Ribozymes are small RNA molecules that cleave target RNA by their endonucleolytic activity. In different studies, transfection of human melanoma cell lines with ribozymes led to reduced expression of survivin protein and augmented caspase-9-dependent cell death and sensitivity to cis-platinum, topotecan, and radiation [81,103,104]. The potential caveat to use of ribozyme administration is that ribozymes degrade easily and cause aberrant cell trafficking. However, strategies to overcome these limitations and increase the efficacy of these drugs for use in vivo are being developed. Thus far, none of the drugs of this family have entered clinical trials.
Small interfering RNAs (siRNAs) are short, double-stranded RNAs that inhibit gene expression. SiRNAs are often more effective than other antisense approaches, rendering them better candidates for clinical treatments because lower concentrations of them is needed for each treatment resulting in less side effects compared to other techniques. The first RNAi-mediated inhibition of survivin resulted in delayed mitosis, misaligned chromosomes and accumulation in prometaphase in Hela cells [105,106]. Further, in preclinical studies that attempted to utilize RNAi technology (either plasmid vectors encoding short hairpin RNAs or chemically synthesized siRNAs) to target survivin resulted in decreased survivin expression, enhanced cell death, reduced cell proliferation and inhibited tumor growth [106–115]. Suppression of survivin by RNAi also enhanced the sensitivity of cancer cell lines to multiple treatments such as vincristine , 17-allylamino-17-demethoxygeldanamycin , doxorubicin [113,115], APO2L/TRAIL , TNF-alpha , and, as with AO and ribozymes, to radiation [113,114].

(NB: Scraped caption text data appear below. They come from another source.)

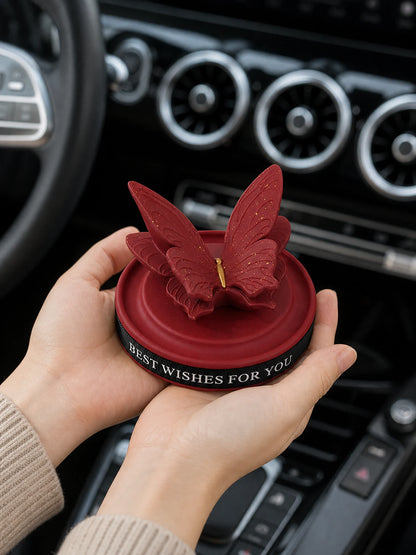 Burgundy Butterfly Dashboard Ornament shown at hand scale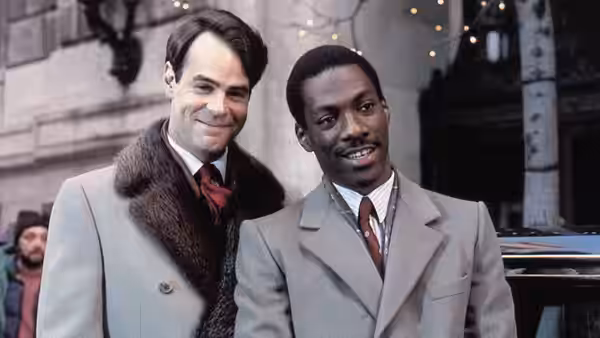 Louis Winthorpe III (Dan Aykroyd) and Billy Ray Valentine (Eddie Murphy) standing together outdoors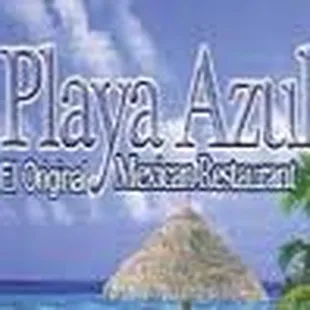 a beach with a thatched umbrella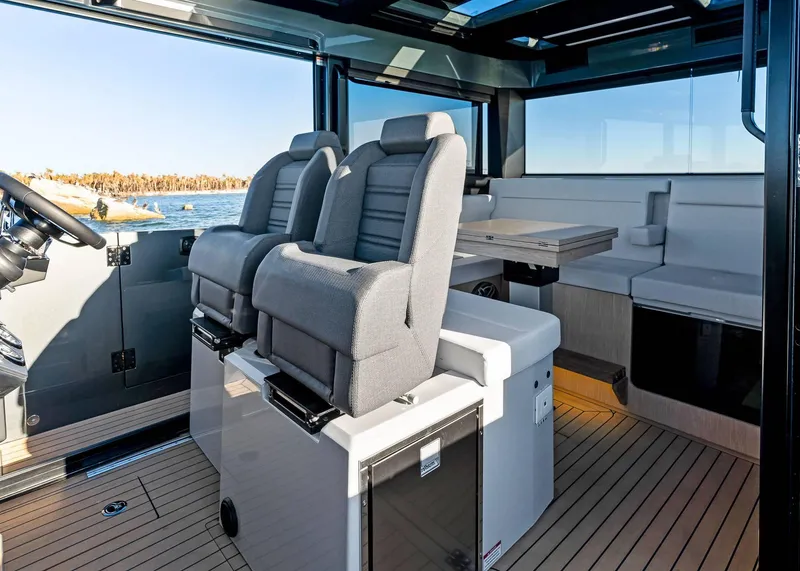 Slide: The Image of 2025 XO Boats EXPLR 44 interior with modern seating and panoramic windows. - 26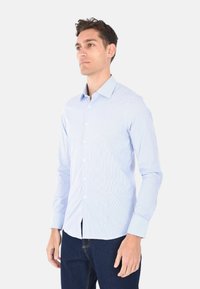 Camicia button-up a righe azzurro chiaro realizzata in cotone, con colletto classico, maniche lunghe e una vestibilità slim. Indossata con jeans scuri.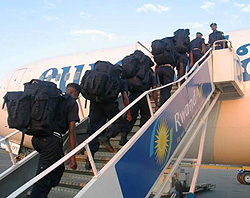 Police officers board a plane to Haiti (Photo by Ivan R. Mugisha)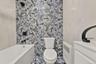 Full bath with a bath, vanity, tile walls, and radiator heating unit
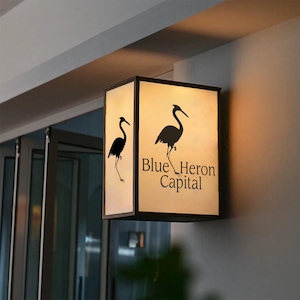May include: A rectangular, illuminated sign with the text "Blue Heron Capital" and a silhouette of a heron. The sign is black with a cream-colored background and is mounted on a wall.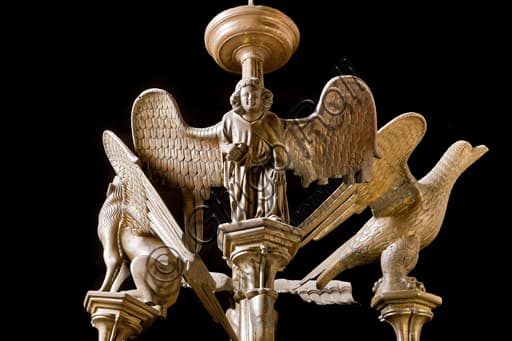 Detail of the brass candlestick with symbols of the Evangelists, St. Lawrence Cathedral Genoa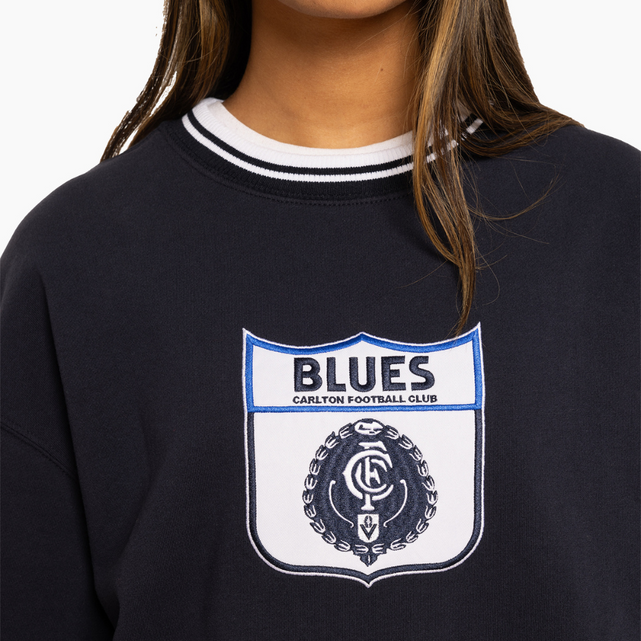 Close-up of the applique logo on the Mitchell & Ness Crew.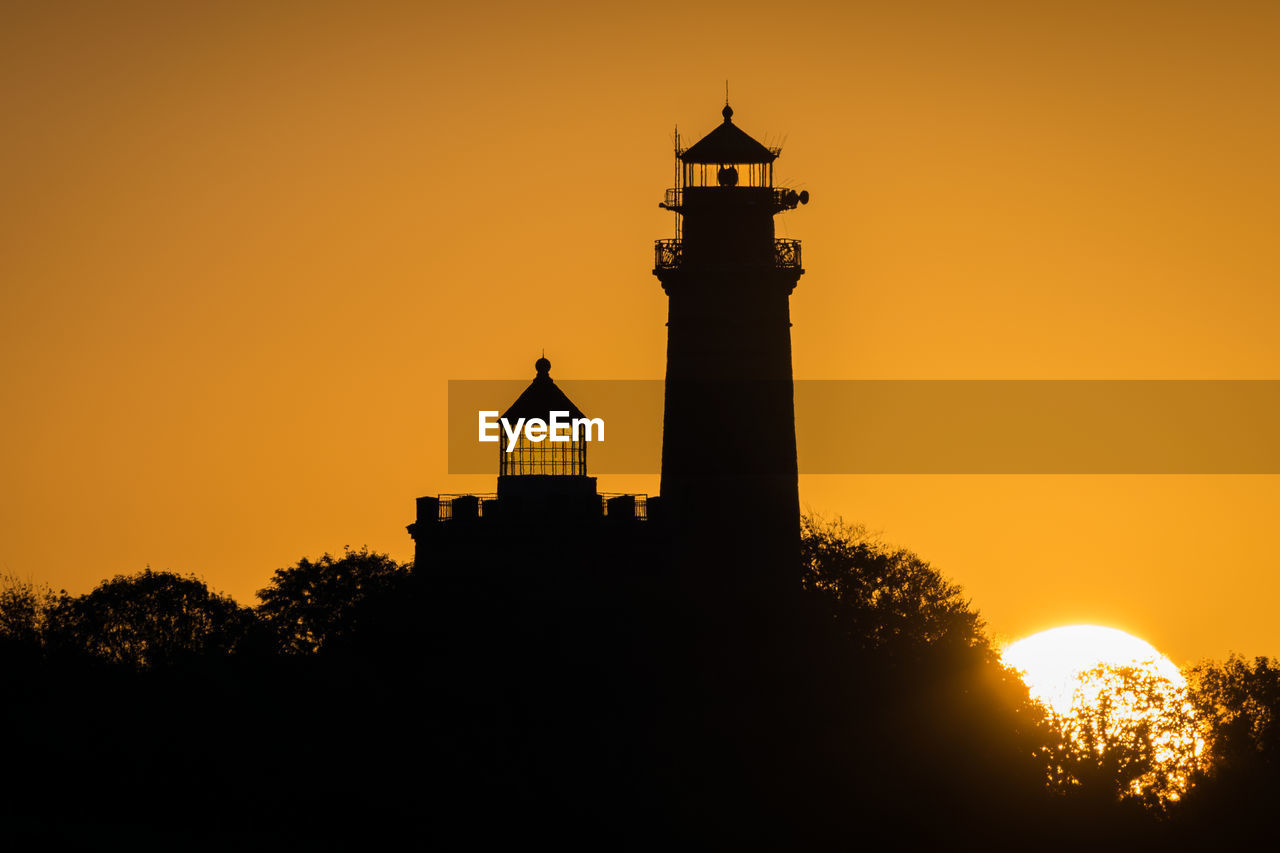 SILHOUETTE OF BUILDING AGAINST SKY AT SUNSET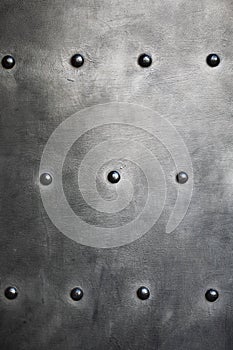 Black metal plate or armour texture with rivets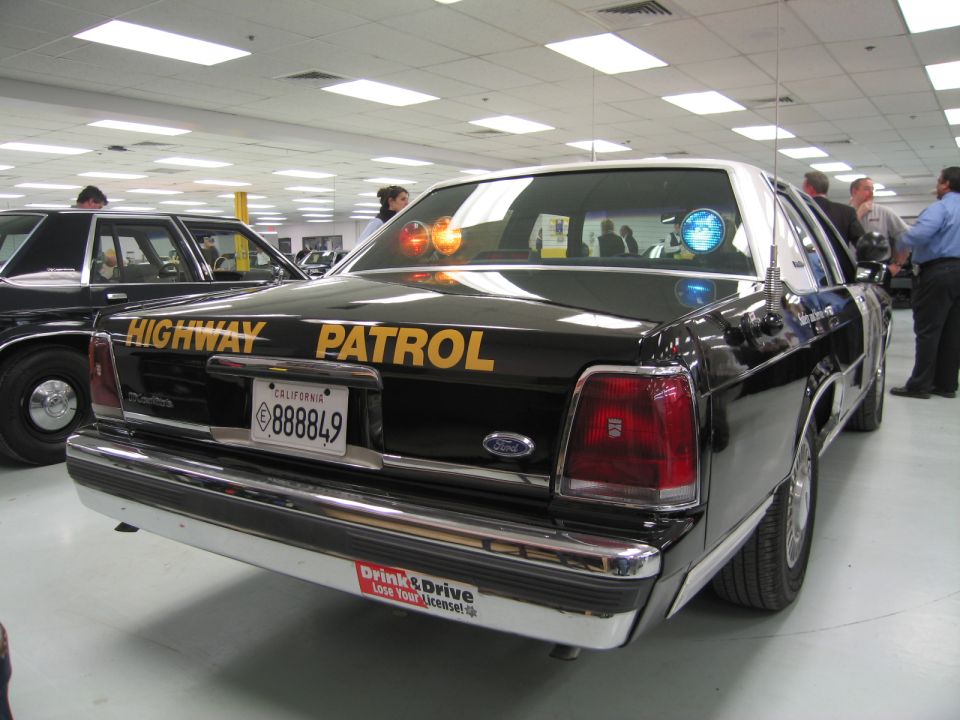 Rear of black Ford Highway Patrol sedan with gold lettering, California plate 888849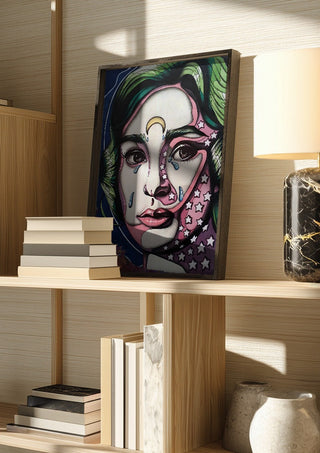 Audrey Hepburn by Okiana in a dark frame on a wooden shelf beside books and a lamp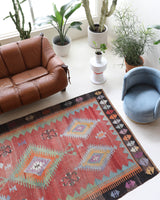 Vintage kilim rug in living room setting, old rug, antique rug, pastel colors, faded colors, Turkish rug, vintage rug, soft rug, Portland, Oregon, rug store, rug shop, local shop, earthy tones, earthy colors, warm colors
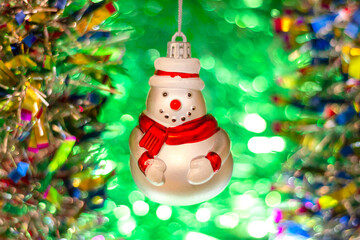 Vintage glass Soviet New Year's toy (snowman) against the background of a Christmas tree and colorful bright tinsel.
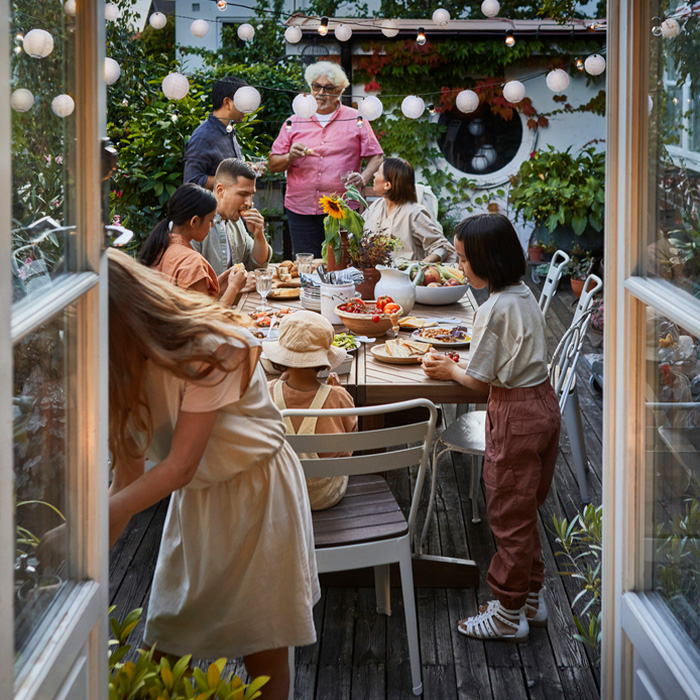 Personas reunidas alrededor de una mesa en un jardín.
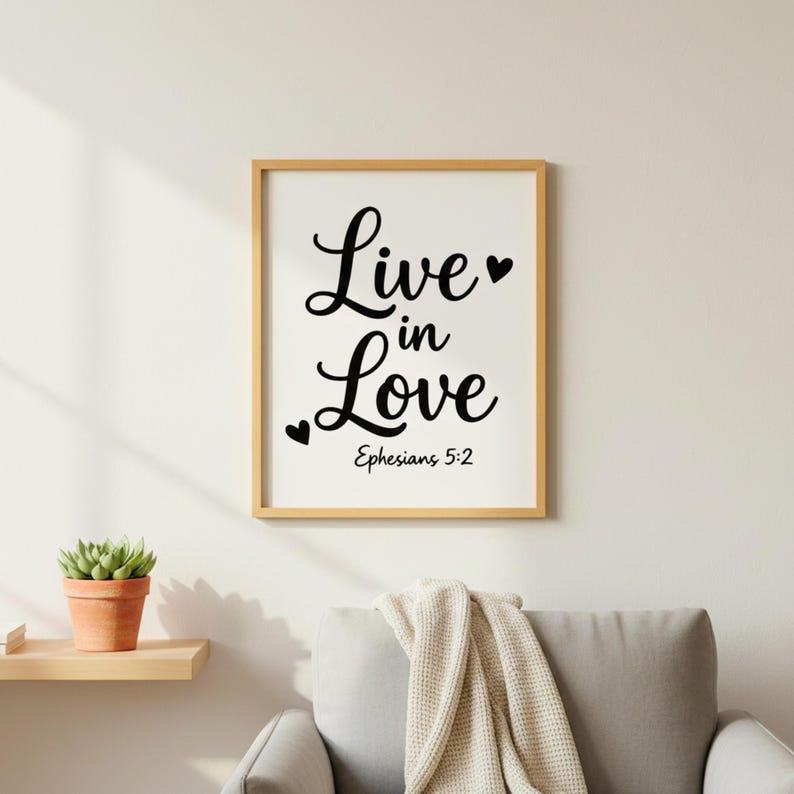 K&ouml;nnte beinhalten: Ein gerahmter Druck mit dem Schriftzug "Live in Love" in schwarzer Schrift, verziert mit Herzen. Der Text "Ephesians 5:2" steht darunter. Der Rahmen ist hellbraun. Das Bild h&auml;ngt an einer wei&szlig;en Wand.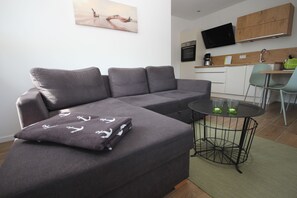 A modern living room with a grey sectional sofa, a small round table with two green glasses, a flat-screen TV mounted above a wooden kitchen counter, and a painting on the wall. - FW Backbord Peildeck (Wustrow)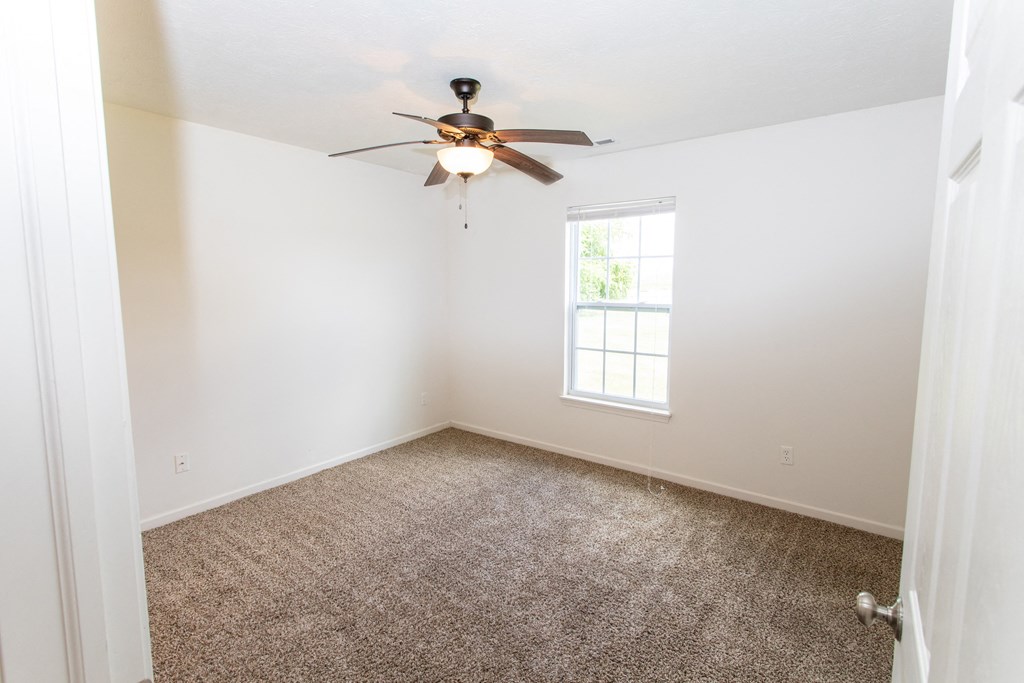 an empty room with a ceiling fan and a window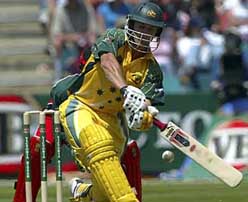 Australia's Adam Gilchrist hits a six during match against Zimbabwe in Hobart 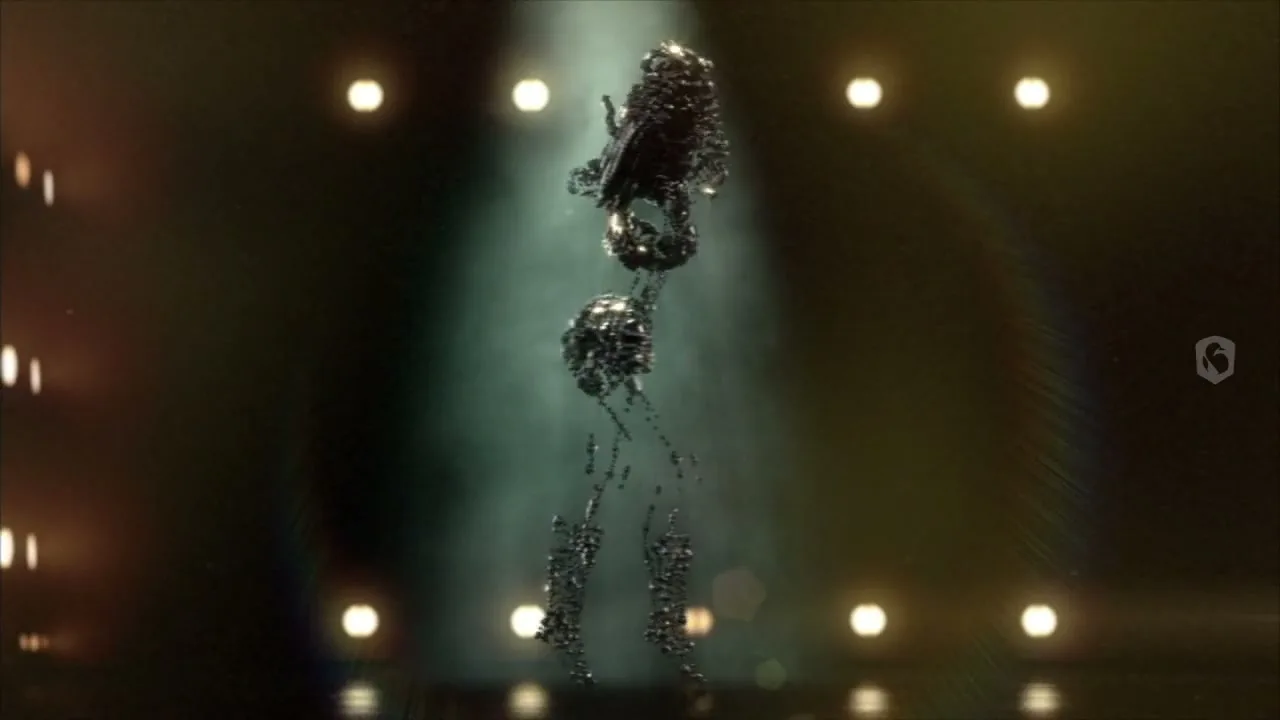 A female figure made of small, dark, metallic spheres dances on a stage with bright lights in the background.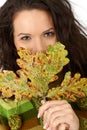 Autumn tree leaf and smiling woman Royalty Free Stock Photo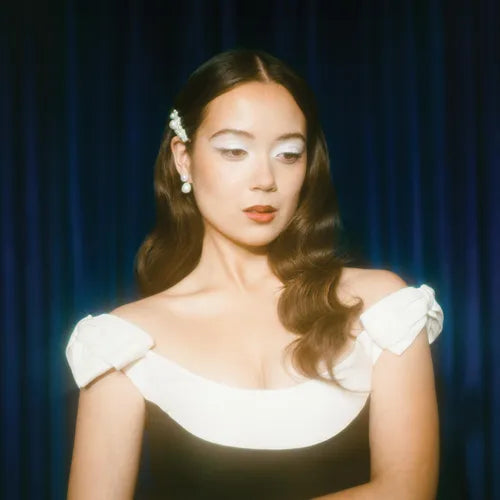 An image of a woman with light makeup, wearing a white off-shoulder top, with a blue backdrop. This is presumably the artist Laufey for the album 'Bewitched: The Goddess Edition 2LP'.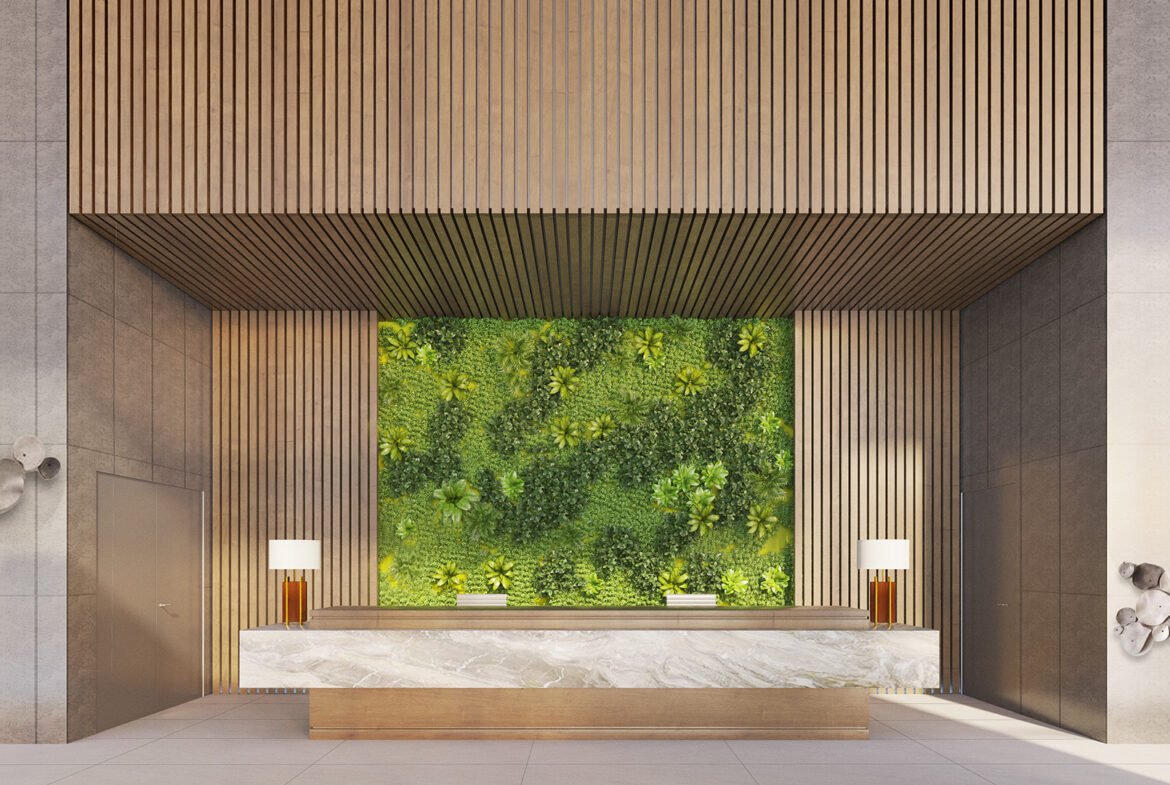 Experience the elegance of new homes with a modern lobby featuring a large green plant wall behind a marble reception desk. The architecture includes wooden panels and sculptures on gray walls, while two lamps with white shades add to the minimalist atmosphere.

3. Small-Molecule Antagonists
3.1. Hsp90 Inhibitors
It is believed that interaction of survivin with the molecular chaperone Hsp90 stabilizes the survivin protein . Shepherdin is a cell-permeable antagonist of the Hsp90-survivin complex and acts through counteracting the binding of these two proteins. In addition, shepherdin was shown to destabilize many Hsp90 client proteins such as Akt, telomerase and CDK6. Moreover, shepherdin induces caspase-dependent and caspase-independent cell death in various cancer cells both in vitro and in vivo and suppresses growth in breast and prostate cancers in xenograft models . Treatment with shepherdin has not shown any effect on normal cells except for a weak tocxicity on normal fibroblasts upon increase in drug dose. Shepherdin is currently in the pre-clinical phase.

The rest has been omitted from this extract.